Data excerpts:
**********

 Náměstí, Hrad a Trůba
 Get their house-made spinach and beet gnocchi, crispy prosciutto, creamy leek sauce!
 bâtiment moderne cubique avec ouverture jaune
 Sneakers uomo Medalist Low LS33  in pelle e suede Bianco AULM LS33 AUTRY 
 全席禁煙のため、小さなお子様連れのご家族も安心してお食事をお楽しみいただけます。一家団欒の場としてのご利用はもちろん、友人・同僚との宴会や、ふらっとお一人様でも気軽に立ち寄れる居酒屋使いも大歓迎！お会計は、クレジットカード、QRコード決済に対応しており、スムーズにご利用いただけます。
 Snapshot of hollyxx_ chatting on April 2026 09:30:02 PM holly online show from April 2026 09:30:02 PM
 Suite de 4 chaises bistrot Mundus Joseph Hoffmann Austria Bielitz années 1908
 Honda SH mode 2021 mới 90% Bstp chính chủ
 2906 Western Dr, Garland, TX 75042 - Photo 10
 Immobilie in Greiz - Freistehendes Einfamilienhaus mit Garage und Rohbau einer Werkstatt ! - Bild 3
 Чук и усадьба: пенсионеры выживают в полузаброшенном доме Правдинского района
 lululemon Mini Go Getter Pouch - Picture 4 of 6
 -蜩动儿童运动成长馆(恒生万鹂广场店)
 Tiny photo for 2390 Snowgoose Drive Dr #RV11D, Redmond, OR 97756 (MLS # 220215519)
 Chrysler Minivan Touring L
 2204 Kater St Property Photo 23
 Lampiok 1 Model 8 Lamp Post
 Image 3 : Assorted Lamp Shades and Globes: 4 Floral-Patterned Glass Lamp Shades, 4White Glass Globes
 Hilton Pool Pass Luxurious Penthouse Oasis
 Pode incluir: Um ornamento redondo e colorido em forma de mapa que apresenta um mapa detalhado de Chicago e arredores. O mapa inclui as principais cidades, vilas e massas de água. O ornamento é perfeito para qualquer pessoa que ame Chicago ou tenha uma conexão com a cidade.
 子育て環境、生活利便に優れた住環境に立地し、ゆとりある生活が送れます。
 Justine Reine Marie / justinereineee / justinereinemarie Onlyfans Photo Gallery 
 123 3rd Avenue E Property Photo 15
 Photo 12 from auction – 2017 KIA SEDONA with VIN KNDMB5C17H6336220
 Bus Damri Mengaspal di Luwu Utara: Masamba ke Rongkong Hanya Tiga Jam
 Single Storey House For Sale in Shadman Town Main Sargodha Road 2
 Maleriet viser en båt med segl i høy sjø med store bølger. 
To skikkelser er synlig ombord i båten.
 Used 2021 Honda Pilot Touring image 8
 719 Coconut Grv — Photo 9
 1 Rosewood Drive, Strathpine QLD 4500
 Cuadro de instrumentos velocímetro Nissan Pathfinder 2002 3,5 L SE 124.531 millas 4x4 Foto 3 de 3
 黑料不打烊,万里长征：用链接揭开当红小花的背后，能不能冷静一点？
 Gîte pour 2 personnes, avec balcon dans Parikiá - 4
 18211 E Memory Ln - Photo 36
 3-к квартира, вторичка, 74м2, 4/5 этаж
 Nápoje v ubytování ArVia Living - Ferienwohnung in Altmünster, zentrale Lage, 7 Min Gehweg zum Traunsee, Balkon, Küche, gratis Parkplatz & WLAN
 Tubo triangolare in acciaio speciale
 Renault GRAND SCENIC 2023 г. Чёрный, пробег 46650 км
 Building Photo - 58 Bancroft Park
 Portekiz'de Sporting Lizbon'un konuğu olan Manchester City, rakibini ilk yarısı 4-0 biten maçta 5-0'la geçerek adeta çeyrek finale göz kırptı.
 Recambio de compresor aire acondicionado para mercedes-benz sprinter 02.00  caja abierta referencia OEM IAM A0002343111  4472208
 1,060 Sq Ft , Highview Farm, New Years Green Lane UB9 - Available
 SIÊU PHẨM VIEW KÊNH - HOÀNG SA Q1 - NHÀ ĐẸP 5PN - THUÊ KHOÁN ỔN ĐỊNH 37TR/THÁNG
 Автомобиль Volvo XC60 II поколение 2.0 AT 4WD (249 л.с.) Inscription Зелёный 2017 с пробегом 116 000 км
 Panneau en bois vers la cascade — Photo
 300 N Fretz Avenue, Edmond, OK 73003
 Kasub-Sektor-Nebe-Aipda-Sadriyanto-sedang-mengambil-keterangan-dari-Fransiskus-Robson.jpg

**********

EXERCISE REQUIREMENTS: The required output is a copy of each line in the records where the string "para" occurs.

ANSWER TO THIS PROBLEM:
 Pode incluir: Um ornamento redondo e colorido em forma de mapa que apresenta um mapa detalhado de Chicago e arredores. O mapa inclui as principais cidades, vilas e massas de água. O ornamento é perfeito para qualquer pessoa que ame Chicago ou tenha uma conexão com a cidade.
 Recambio de compresor aire acondicionado para mercedes-benz sprinter 02.00  caja abierta referencia OEM IAM A0002343111  4472208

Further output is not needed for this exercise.